Abstract

Unmanned vehicles have been widely used for sensing, surveillance, surveying, communication, transportation, and many other purposes. Navigation is always an essential operational function in the course of their movements. In the case of the absence of Global Positioning System (GPS) signals, the positioning need of an unmanned vehicle is generally empowered by its onboard Inertial Navigation System (INS). An inherent deficiency of INS, however, is that position errors inevitably occur and will gradually accumulate over time. A feasible approach to correcting errors is to use the fixed reference points with known coordinates in the cruising environment, which we call landmarks, to calibrate the vehicle’s position when it passes by. The vehicle must choose a path along which a sufficient number of landmarks can serve the position calibration requirement. In such a context, this paper introduces a joint landmark selection and path planning problem for unmanned vehicles navigating in two-dimensional (2D) and three-dimensional (3D) environments, in which the vehicles’ position drifting errors need to be rectified through communicating with preset landmarks. To characterize and tackle the problem, a set of new types of subpaths are defined and a bi-objective integer programming model using this building block is formulated for simultaneously minimizing the landmark deployment cost and the vehicle cruise distance. An efficient dynamic programming algorithm, which features a multi-criterion label-correcting form, is developed for searching for the Pareto-optimal solution set of landmark and path selections. Numerical and computational analyses are conducted in both 2D and 3D scenarios, in which a pair of origin and destination places are typically hundreds of kilometers apart and 4 datasets of different scales including 500, 1,000, 1,500, and 2,000 candidate landmarks are randomly generated.
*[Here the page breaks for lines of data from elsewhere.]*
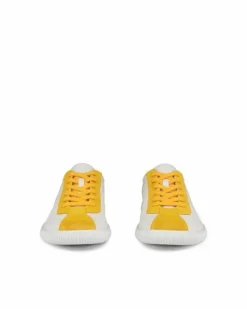 ECCO Casual | Sneakers-SOFT ZERO M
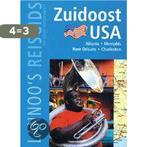 Zuidoost-USA / Lannoos reisgids 9789020942484, Boeken, Verzenden, Gelezen, H. Schmidt-Brummer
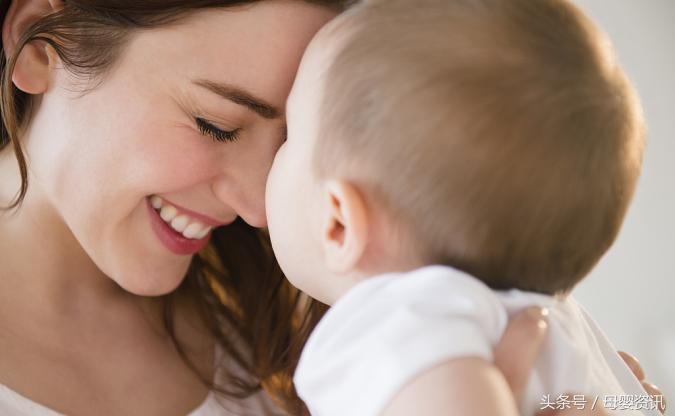 宝宝掉床说法,宝宝掉床底怎么办需要拍片吗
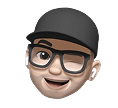 Emoji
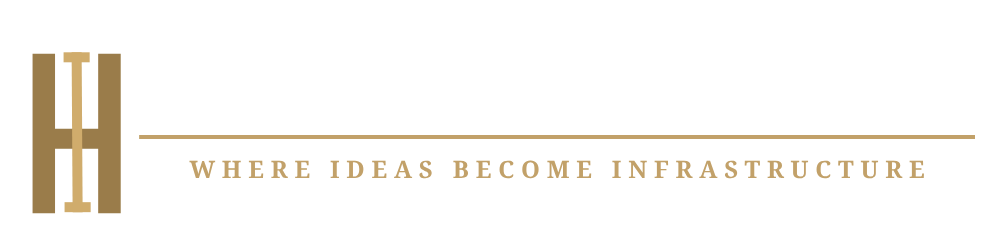 Hartstone Institute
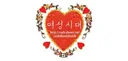 사람들이 쳐다봐서 땅만 쳐다보며 걸었다는 한 연예인.jpg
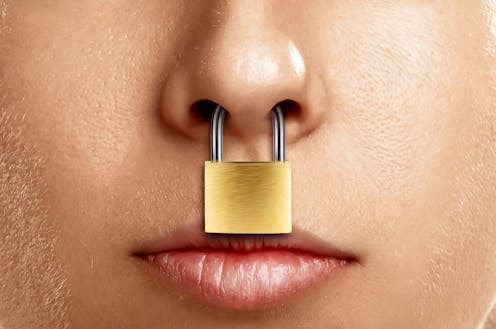 nariz News, Research and Analysis The Conversation page 1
A sensitivity analysis reveals the impact of different position drifting increments caused by external environment interferences, varying correction abilities, and heterogeneous landmark deployment costs on the solution behavior. The influence of the number of candidate landmarks, position error limit, and error increment rate on computing time is also evaluated. All these test results conclude that the algorithm is capable of finding in seconds the entire set of Pareto-optimal landmarks and paths in real-world applications.